Dès lors, elle « visualise une couverture avec un mammouth, parce que c’est un animal emblématique ». Benjamin Strickler est à l’illustration, et Daniel Fischer se charge de la postface, comme dans toute la collection Graine d’Histoire. « Mais Daniel est historien et non pas préhistorien, et je devais savoir comment faire évoluer mes personnages, note Sylvie. L’idée de cette jeune fille, Mana, qui veut théoriser les choses et provoquer des émotions avec ses récits, me faisait peur puisque je ne connaissais pas la capacité d’abstraction des Néanderthaliens ».
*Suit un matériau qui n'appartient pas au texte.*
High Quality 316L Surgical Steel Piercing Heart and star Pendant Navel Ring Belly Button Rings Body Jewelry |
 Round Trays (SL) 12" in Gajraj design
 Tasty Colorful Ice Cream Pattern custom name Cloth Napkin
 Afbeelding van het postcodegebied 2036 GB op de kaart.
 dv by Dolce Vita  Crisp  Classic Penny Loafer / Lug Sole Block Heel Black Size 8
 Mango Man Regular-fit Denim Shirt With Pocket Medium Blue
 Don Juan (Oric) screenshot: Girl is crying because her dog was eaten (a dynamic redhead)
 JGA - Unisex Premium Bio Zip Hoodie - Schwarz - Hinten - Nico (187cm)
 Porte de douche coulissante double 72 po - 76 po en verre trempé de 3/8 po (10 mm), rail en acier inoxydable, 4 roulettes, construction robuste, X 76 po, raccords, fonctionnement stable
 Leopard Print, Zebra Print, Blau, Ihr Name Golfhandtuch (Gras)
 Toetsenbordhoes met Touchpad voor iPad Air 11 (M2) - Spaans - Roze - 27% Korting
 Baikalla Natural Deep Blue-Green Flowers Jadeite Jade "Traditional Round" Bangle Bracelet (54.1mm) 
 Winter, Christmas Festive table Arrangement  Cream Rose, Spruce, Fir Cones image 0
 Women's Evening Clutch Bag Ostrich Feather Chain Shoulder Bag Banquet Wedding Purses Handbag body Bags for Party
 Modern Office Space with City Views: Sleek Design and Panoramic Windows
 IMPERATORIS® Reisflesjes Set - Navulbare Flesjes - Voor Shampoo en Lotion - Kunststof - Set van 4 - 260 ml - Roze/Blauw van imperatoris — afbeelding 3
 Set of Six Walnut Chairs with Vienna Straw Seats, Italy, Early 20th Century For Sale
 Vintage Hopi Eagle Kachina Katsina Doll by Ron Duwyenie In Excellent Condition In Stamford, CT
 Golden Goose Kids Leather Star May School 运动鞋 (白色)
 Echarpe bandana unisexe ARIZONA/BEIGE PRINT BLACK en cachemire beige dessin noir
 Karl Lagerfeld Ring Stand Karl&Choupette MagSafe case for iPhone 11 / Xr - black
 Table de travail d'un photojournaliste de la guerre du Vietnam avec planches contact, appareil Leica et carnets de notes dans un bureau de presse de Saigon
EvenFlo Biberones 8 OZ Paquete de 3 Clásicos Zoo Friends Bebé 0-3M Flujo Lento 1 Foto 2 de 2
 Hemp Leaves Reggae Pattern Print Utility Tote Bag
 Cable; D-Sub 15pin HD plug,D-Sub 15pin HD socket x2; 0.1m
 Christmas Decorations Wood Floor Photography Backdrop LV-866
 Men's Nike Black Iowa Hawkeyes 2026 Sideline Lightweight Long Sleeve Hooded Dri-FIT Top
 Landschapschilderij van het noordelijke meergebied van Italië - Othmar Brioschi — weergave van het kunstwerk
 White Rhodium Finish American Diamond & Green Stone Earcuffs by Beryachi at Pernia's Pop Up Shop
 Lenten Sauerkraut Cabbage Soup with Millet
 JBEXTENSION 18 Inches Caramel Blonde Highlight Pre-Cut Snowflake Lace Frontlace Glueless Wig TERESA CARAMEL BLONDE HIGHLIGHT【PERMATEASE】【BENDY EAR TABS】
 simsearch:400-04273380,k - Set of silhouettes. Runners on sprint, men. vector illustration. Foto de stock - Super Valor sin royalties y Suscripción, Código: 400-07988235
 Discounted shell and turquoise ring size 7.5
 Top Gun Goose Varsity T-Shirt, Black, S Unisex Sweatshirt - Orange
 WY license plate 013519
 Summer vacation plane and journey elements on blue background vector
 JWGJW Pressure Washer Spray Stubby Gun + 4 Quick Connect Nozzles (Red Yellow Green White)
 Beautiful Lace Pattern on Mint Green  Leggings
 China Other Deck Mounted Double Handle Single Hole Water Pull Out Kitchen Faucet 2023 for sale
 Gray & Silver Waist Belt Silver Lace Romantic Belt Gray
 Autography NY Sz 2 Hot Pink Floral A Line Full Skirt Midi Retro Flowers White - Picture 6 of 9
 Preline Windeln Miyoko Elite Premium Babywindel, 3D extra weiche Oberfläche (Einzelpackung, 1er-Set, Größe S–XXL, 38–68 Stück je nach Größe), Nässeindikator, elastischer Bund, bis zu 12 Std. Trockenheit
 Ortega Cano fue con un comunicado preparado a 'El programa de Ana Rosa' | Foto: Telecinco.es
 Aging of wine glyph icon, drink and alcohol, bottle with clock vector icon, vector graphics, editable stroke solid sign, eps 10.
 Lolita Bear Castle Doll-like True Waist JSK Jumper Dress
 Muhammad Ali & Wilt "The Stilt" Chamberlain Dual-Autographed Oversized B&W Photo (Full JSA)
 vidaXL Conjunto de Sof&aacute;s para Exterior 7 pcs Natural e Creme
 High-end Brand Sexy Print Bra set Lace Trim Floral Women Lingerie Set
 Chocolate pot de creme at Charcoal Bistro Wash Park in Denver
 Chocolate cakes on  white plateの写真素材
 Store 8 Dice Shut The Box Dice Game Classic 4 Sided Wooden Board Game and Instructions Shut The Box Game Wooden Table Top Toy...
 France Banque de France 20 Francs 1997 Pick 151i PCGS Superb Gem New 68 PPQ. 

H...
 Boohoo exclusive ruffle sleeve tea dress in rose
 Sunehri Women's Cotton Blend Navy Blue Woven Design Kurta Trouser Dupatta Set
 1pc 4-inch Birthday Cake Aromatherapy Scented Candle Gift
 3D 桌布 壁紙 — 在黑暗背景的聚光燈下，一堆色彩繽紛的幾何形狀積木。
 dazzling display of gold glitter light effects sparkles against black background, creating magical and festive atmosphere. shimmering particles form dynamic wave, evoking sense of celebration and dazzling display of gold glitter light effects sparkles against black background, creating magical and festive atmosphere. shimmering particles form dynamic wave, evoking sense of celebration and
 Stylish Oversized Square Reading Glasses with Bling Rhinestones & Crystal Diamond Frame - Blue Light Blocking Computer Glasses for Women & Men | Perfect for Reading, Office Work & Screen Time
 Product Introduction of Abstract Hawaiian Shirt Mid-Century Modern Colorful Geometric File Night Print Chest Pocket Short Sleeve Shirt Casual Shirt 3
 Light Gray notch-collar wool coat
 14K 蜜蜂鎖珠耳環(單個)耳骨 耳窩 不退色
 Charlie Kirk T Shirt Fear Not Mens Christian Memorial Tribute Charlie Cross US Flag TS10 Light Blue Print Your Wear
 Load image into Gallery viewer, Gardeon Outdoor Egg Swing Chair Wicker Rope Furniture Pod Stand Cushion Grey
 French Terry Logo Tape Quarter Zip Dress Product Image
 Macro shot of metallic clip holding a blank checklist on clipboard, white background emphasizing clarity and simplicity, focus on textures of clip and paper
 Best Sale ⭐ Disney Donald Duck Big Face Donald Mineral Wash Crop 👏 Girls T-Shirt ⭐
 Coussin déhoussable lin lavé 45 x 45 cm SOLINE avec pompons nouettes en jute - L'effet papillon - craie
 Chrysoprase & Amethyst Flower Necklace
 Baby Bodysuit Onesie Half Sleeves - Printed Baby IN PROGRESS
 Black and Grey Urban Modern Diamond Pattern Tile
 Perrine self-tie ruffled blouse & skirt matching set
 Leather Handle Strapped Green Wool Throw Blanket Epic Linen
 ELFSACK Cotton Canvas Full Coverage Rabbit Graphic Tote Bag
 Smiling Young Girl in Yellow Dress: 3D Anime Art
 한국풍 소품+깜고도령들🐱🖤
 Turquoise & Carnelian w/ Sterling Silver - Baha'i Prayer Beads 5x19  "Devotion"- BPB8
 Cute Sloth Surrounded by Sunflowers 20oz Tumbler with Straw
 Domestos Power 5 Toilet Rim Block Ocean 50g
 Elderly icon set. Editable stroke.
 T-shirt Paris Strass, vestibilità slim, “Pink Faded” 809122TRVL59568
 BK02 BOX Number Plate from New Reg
Elle passe un été à lire « absolument tout sur Néanderthal » et s’adresse à Héloïse Koehler, docteure en préhistoire. « Elle m’a confirmé qu’ils conscientisaient la fin de vie en enterrant leurs morts, ou qu’ils savaient anticiper des schémas de chasse ou la réunion au pied de cette falaise, en fonction des saisons, qui est réelle. »
Planter des graines
Dans un langage simple, Mana a donc les capacités intellectuelles pour raconter les formes qu’elle voit dans les nuages, ou les animaux en pierre : « On la regarde de travers parce qu’elle raconte des histoires, jusqu’à ce qu’elle rencontre des gens qui aiment ce qu’elle fait ». La dureté de la vie quotidienne, la maternité, la vieillesse, les relations hommes-femmes sont aussi abordées, et notamment les violences conjugales… « Le fait d’attirer l’attention sur ce qu’on accepte ou pas, pour une lectrice de 8 ou 10 ans, c’est peut-être important pour sa vie future de l’avoir lu dans un livre dont ce n’était pas le sujet…, estime l’auteure. Peut-être que ça a planté une petite graine, et pas seulement une graine d’Histoire ».
Le chiffre: 10
C’est le dixième roman de la collection Graine d’Histoire paru à La nuée bleue.